The role of independent directors will also be carefully studied,” said G.P. Madaan, managing partner, Madaan Law Offices.

The Gensol‘s fraud caught the SEBI’s attention in 2024 when the markets regulator received a complaint relating to manipulation of share price and diversion of funds in the company.

SEBI called for information from credit rating agencies ICRA and CARE who had downgraded Gensol as certain documents shared by Gensol on its debt servicing track record were apparently falsified. During the probe, the ratings agencies told SEBI that when they sought term loan statements, Gensol provided statements of all lenders except those of IREDA and PFC. For these two lenders, Gensol shared conduct letters purportedly issued by IREDA and PFC which stated that Gensol was regular in its debt servicing.

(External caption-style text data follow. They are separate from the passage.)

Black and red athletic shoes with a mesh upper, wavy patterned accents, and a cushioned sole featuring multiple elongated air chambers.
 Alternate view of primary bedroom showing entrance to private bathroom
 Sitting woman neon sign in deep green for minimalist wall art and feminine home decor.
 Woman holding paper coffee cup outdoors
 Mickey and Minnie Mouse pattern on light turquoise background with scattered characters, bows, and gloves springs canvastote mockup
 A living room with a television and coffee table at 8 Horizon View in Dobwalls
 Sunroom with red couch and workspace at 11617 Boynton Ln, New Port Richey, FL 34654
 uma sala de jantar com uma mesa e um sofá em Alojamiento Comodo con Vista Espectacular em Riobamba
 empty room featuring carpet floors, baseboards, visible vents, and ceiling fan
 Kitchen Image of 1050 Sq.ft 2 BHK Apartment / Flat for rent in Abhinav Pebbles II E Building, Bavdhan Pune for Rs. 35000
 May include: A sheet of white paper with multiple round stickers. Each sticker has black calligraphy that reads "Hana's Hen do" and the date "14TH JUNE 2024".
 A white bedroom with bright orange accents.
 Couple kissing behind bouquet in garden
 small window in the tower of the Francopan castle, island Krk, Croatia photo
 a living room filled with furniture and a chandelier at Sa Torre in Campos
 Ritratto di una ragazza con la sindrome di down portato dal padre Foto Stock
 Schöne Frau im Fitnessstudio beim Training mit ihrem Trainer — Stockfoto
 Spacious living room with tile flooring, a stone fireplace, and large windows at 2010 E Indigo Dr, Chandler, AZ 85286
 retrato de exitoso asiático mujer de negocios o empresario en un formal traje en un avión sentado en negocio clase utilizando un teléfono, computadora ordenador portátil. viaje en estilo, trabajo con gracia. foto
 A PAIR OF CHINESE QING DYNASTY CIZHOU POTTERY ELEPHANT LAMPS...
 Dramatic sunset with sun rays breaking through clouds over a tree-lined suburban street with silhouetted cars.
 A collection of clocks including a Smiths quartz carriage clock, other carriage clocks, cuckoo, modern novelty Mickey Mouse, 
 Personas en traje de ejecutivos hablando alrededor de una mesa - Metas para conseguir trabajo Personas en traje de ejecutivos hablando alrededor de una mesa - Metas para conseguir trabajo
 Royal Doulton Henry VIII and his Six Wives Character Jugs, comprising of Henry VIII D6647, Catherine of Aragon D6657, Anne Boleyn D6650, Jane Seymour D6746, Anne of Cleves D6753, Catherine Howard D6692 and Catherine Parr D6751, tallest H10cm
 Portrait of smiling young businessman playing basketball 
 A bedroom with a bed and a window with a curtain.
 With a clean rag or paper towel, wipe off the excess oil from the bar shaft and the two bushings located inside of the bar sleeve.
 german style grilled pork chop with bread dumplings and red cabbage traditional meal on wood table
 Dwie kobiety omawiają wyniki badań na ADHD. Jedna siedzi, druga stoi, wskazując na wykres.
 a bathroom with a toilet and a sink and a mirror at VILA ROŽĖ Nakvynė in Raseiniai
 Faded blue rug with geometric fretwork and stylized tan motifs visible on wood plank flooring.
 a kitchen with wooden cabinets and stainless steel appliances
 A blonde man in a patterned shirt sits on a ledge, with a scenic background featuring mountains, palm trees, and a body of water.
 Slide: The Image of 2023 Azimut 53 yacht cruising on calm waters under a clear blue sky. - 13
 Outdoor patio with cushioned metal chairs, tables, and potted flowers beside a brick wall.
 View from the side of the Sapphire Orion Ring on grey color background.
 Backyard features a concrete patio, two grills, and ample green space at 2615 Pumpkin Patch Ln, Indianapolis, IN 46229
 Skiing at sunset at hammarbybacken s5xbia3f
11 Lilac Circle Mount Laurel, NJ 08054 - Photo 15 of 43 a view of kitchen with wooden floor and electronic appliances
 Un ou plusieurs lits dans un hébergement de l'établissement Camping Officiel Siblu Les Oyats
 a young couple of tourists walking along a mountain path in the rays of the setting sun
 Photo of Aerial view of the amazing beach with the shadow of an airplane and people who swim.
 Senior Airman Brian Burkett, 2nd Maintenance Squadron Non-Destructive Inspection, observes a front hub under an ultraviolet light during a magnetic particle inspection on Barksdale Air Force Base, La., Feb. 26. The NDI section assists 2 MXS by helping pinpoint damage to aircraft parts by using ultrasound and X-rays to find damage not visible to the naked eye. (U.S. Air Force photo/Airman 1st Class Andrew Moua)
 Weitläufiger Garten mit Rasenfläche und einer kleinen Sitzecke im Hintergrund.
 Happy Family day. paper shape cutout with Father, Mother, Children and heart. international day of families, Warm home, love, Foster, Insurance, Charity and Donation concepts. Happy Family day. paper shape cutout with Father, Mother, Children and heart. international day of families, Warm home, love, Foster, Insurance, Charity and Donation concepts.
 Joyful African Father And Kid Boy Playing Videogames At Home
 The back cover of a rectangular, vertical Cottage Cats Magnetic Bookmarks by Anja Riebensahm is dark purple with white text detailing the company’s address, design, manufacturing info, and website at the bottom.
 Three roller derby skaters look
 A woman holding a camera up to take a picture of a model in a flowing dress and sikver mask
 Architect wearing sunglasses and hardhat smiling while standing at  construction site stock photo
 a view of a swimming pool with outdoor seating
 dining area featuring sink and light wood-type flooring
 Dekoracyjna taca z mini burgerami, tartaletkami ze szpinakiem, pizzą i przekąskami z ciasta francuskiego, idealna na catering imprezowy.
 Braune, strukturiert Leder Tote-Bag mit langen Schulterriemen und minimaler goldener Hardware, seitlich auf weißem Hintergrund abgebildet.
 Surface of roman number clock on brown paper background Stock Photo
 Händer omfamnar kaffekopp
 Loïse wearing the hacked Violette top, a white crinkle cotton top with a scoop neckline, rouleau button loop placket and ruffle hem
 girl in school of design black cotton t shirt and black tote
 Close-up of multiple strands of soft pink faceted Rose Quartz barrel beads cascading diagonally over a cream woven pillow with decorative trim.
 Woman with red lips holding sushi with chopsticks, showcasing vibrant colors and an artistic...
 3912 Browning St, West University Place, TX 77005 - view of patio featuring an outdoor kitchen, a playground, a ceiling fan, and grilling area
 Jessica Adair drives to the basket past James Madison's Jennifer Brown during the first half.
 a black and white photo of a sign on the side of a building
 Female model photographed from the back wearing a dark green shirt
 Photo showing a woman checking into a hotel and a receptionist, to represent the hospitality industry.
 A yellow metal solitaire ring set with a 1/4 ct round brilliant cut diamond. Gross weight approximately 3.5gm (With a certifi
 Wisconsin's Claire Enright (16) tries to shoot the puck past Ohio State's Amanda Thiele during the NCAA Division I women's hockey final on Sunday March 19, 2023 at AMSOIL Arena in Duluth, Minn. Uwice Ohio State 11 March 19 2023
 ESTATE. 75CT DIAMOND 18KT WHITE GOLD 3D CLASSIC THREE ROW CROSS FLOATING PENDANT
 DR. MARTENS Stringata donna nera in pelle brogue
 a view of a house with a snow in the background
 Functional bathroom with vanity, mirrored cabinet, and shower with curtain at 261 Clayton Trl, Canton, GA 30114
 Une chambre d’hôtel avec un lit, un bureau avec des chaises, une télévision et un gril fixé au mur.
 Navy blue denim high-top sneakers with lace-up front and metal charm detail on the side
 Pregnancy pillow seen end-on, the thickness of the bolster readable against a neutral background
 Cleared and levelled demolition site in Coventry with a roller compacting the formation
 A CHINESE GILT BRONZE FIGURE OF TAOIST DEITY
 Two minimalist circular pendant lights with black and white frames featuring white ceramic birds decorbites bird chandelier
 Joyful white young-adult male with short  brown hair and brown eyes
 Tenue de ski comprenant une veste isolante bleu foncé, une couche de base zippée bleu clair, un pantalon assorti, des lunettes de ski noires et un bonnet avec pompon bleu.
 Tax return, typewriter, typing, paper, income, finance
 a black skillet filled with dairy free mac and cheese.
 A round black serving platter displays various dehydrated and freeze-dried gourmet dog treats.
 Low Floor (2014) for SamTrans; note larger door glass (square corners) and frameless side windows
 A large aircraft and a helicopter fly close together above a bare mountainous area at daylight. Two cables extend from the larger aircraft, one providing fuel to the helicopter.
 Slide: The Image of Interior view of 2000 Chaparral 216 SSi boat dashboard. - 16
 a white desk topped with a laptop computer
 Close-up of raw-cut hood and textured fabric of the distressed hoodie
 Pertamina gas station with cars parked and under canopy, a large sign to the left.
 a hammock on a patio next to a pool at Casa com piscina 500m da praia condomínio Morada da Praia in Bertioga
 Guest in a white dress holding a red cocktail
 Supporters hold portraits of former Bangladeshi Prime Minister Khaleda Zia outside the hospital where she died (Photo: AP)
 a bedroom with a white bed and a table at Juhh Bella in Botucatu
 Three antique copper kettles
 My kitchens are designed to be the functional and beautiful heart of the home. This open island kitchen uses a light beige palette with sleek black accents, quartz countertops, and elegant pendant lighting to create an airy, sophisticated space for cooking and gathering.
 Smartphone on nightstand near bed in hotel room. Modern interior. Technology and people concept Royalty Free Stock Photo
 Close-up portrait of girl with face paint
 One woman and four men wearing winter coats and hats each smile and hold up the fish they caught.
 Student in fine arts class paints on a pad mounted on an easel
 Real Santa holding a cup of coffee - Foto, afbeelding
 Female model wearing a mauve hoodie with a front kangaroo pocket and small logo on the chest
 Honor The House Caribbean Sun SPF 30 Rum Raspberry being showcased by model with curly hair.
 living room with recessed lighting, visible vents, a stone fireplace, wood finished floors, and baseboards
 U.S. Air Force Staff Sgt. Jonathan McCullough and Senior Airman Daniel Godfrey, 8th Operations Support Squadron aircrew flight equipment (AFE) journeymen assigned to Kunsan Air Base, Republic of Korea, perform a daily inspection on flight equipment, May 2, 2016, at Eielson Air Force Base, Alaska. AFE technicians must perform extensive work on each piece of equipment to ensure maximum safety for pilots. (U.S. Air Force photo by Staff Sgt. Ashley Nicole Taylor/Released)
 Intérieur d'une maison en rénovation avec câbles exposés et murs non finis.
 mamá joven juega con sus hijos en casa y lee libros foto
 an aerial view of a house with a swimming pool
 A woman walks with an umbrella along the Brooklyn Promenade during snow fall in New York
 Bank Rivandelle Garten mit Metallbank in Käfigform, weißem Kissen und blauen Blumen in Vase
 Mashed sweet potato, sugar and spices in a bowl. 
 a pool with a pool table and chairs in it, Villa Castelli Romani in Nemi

Upon seeking confirmation from IREDA and PFC, rating agencies were told that no such letters were issued by them.

On April 15 this year, SEBI issued an interim order that restrained the promoters of Gensol – Anmol Singh Jaggi and Puneet Singh Jaggi – from holding any key managerial positions in the company besides barring them from dealing in securities market over their alleged involvement in fraudulent activities. In its 29-page order, SEBI said that Gensol attempted to mislead SEBI, credit ratings agencies, lenders and investors by submitting forged conduct letters purportedly issued by its lenders. 

SEBI investigation further revealed that the funds availed by Gensol as loans for procuring electric vehicles were, through layered transactions, partly utilised for buying a high-end apartment in The Camellias, DLF Gurgoan in the name of a firm where the MD of Gensol and his brother are designated partners. In addition, the diverted funds were used for personal luxury expenses such as golf set, travel and shopping.

“The prima facie findings have shown mis-utilisation and diversion of funds of the company in a fraudulent manner by its promoter directors who are also the direct beneficiaries of the diverted funds. The promoters were running a listed public company as if it were a propriety firm. The Company’s funds were routed to related parties and used for unconnected expenses, as if the Company’s funds were promoters’ piggybank,” SEBI order said.